*** Opening of MATERIAL FOR THIS TASK ***

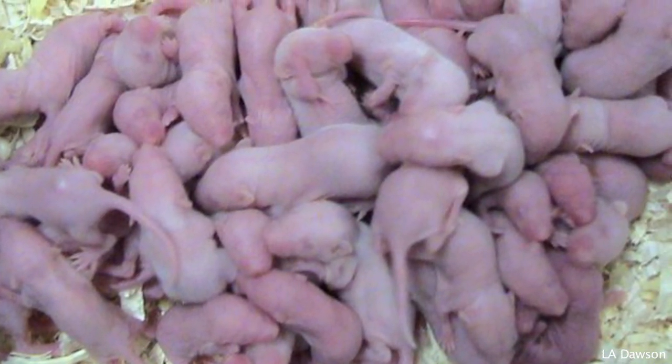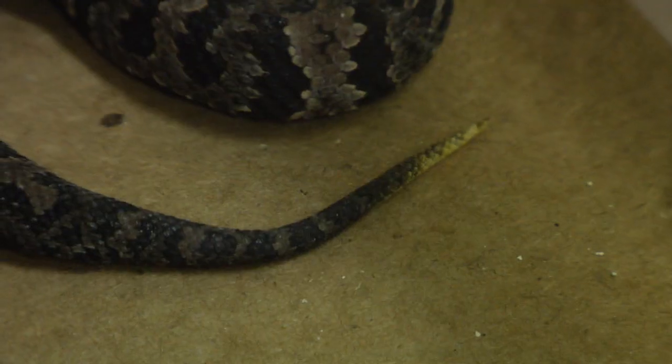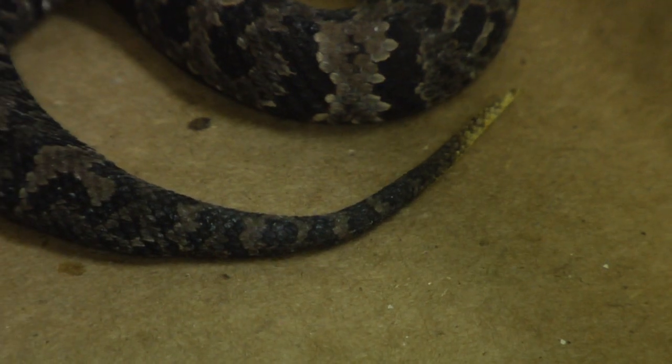One of the things a baby copperhead has going for them is the tip of their tail is yellow — yellowish-green — and they use that tail tip as a lure to bring in food. They'll raise that tail tip up in the air and wiggle it real slow. It looks like a little worm or a caterpillar, and a lizard or a frog will approach that, and that's how they catch their food.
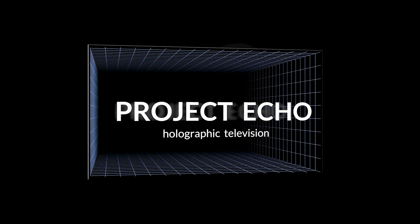That's why we will see a transformation into holographic visual communication over the next five to ten years. Echo Holographic Television.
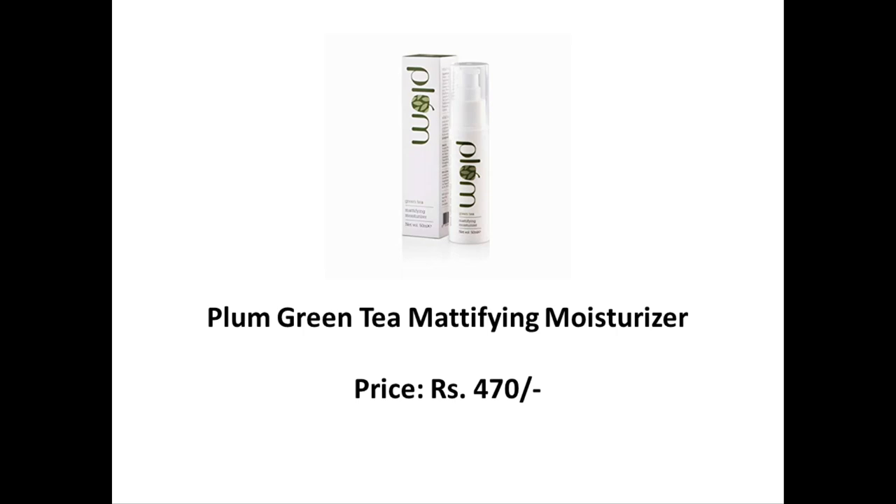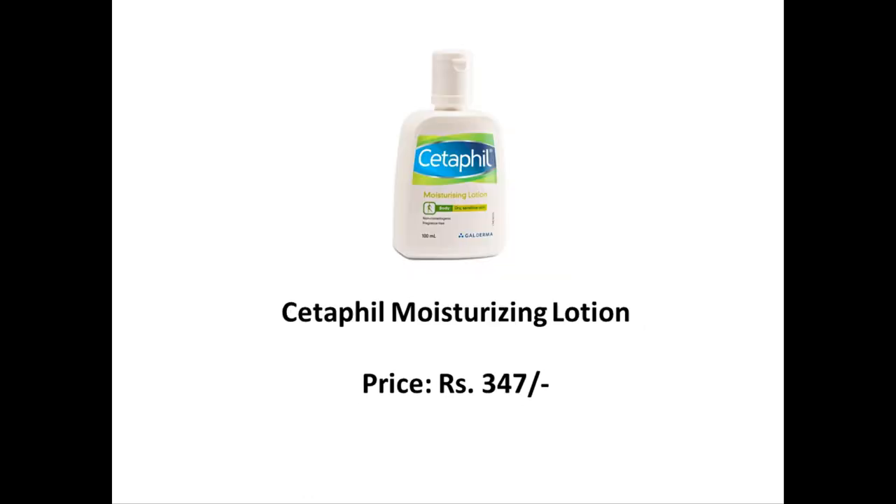So let's get started with the list. The first one is the Plum Green Tea Mattifying Moisturizer. I have personally used this one and it's good for normal to oily skin types. The next one is the Cetaphil Moisturizing Lotion. I've used this one too — it's more moisturizing than the Plum one and is good for people with drier skin types.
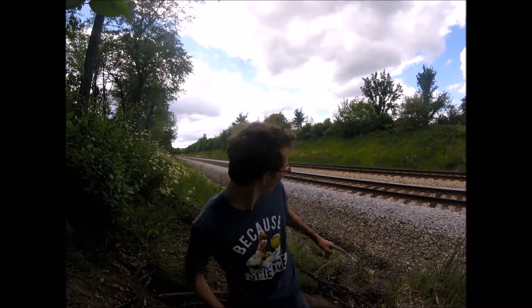Tickets went on sale in March and were all sold out within a couple of weeks. I've got some camera angles set up, like this one and one over there.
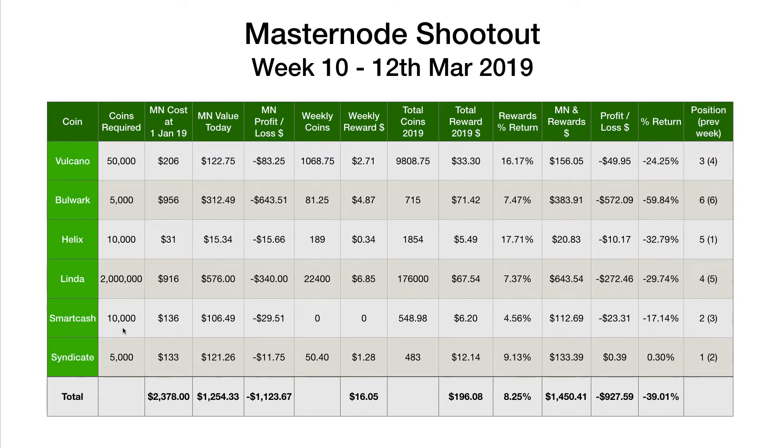As of next week, this will update with the new collateral requirements — so 100,000 — and I'll update all the figures. But as of last night, our SmartCash SmartNode is back in the experiment, which will be nice to see how it performs with the higher collateral. Anyway, let's jump into the figures for the last week.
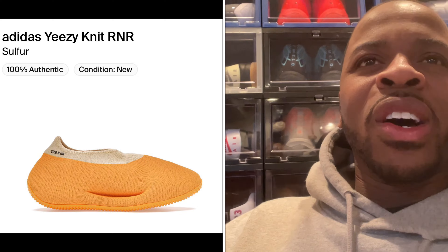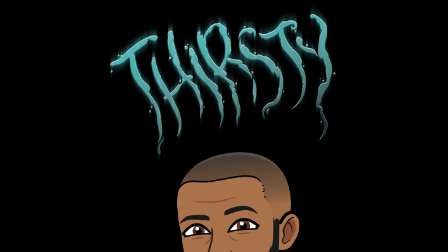Comment below, let me know what you think about the Yeezy Knit Runner Stone Carbons. I know the Sulfur dropped not too long ago. I expect another Knit Runner maybe to come out — hopefully towards the end of the year — and that's the shoe I'm trying to get on the channel.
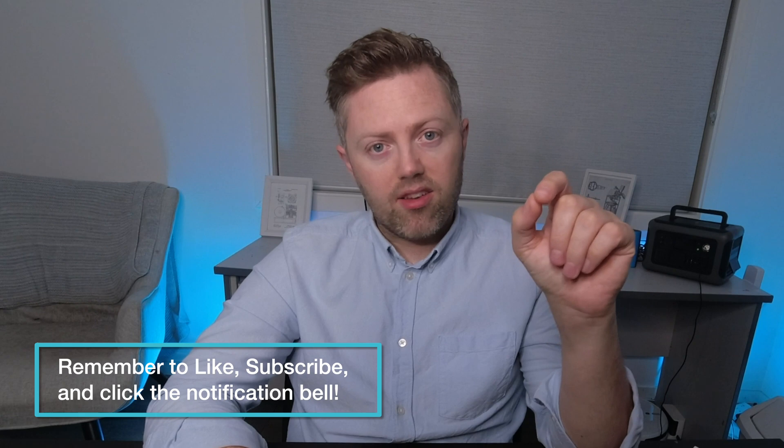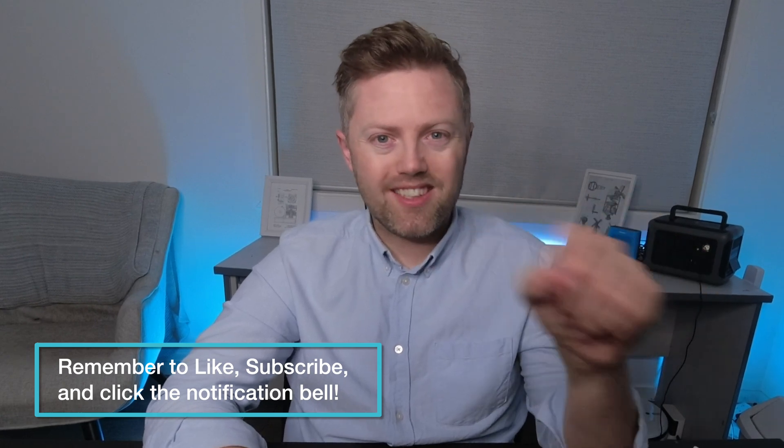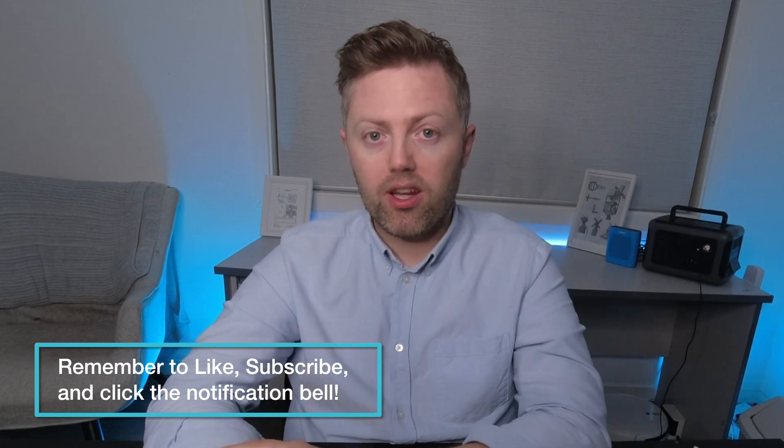I haven't fully decided what I think of this yet, because I can see there's obviously a good thing about it, but then there is the control issue. So I'm really keen to know what you all think. If you want to write something in the comments, feel free — a handful of people that watch always write fantastic comments. Please write it in the comments and let us all know what you all think.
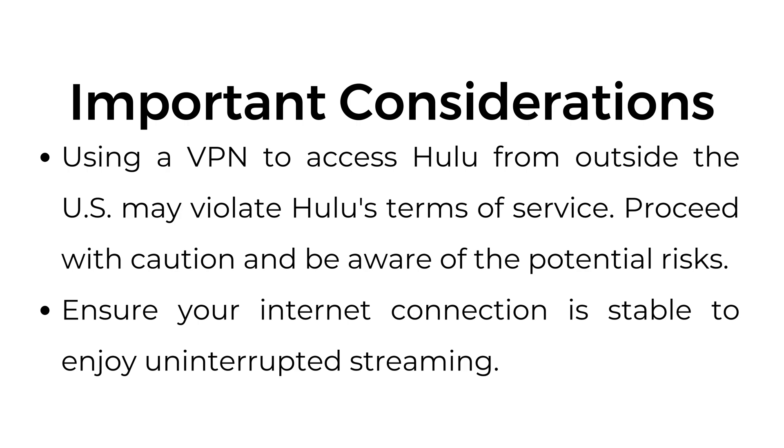Important considerations: using a VPN to access Hulu from outside the US may violate Hulu's terms of service, so proceed with caution and be aware of the potential risks. Ensure your internet connection is stable to enjoy uninterrupted streaming.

*** Close of MATERIAL FOR THIS TASK ***

*PROBLEM TO SOLVE*: Leaving every picture aside, reproduce exactly the lines above from the one with "Tickets went on" up to and including the one with "As of next week, this", and no others.

*PROBLEM SOLUTION*:
Tickets went on sale in March and were all sold out within a couple of weeks. I've got some camera angles set up, like this one and one over there.
As of next week, this will update with the new collateral requirements — so 100,000 — and I'll update all the figures. But as of last night, our SmartCash SmartNode is back in the experiment, which will be nice to see how it performs with the higher collateral. Anyway, let's jump into the figures for the last week.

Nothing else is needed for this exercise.